Work to complete:
Everything from the line with "Short pink and silver prom/formal dress" down to the line with "HumanCentric Vertical Laptop" below must be printed exactly, those two lines included. Exclude pictures.

Data extracts:
'''

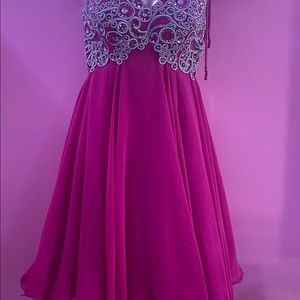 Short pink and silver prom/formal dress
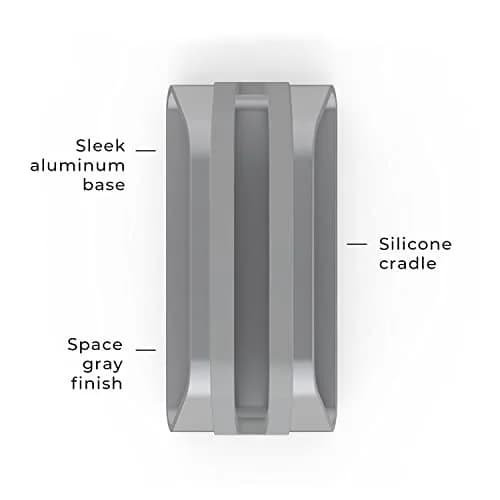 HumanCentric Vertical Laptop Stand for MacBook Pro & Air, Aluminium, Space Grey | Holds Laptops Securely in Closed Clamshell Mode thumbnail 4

'''
'''

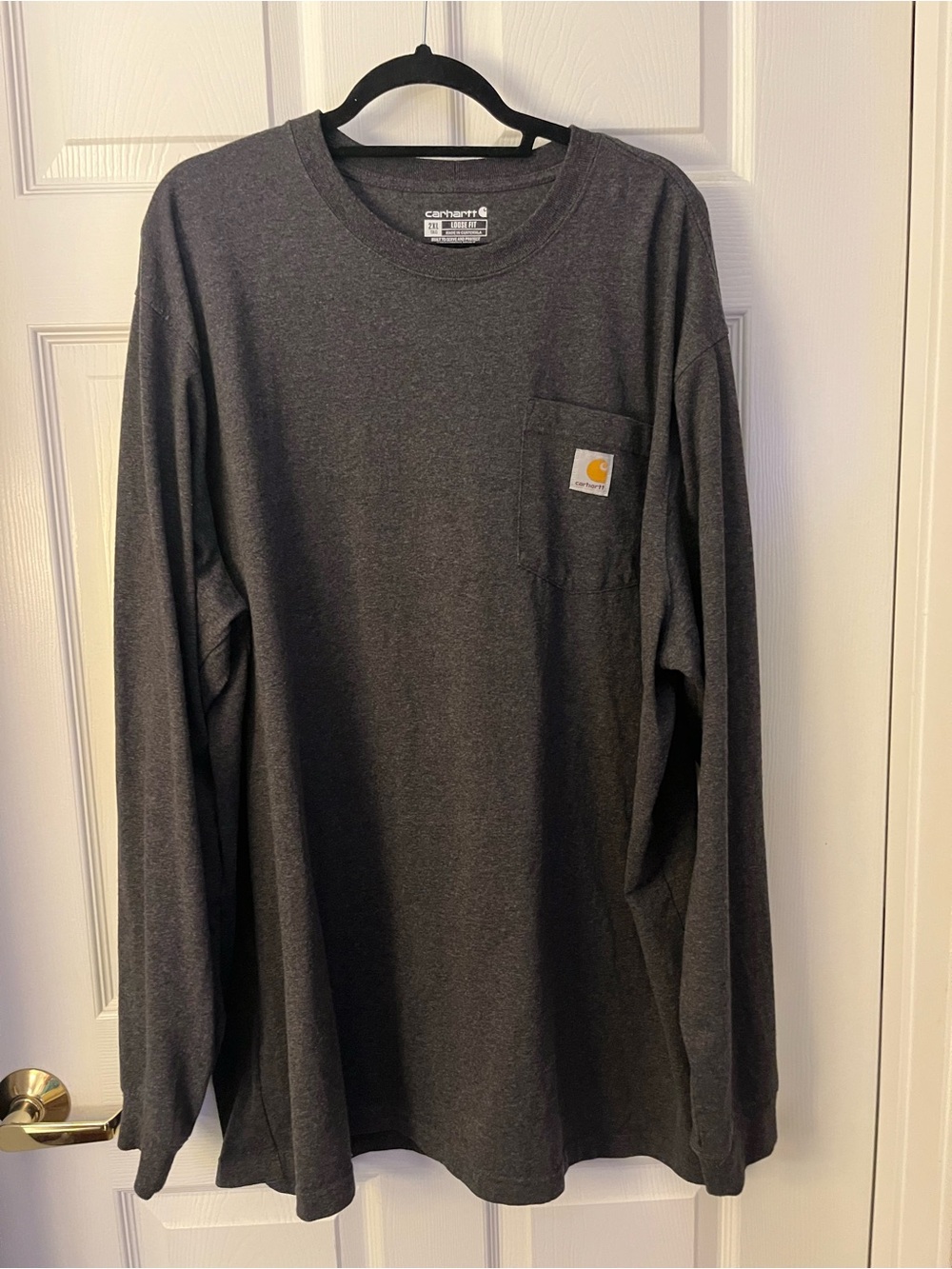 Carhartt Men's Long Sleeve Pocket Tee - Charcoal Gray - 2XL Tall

'''

Finished task:
 Short pink and silver prom/formal dress
 HumanCentric Vertical Laptop Stand for MacBook Pro & Air, Aluminium, Space Grey | Holds Laptops Securely in Closed Clamshell Mode thumbnail 4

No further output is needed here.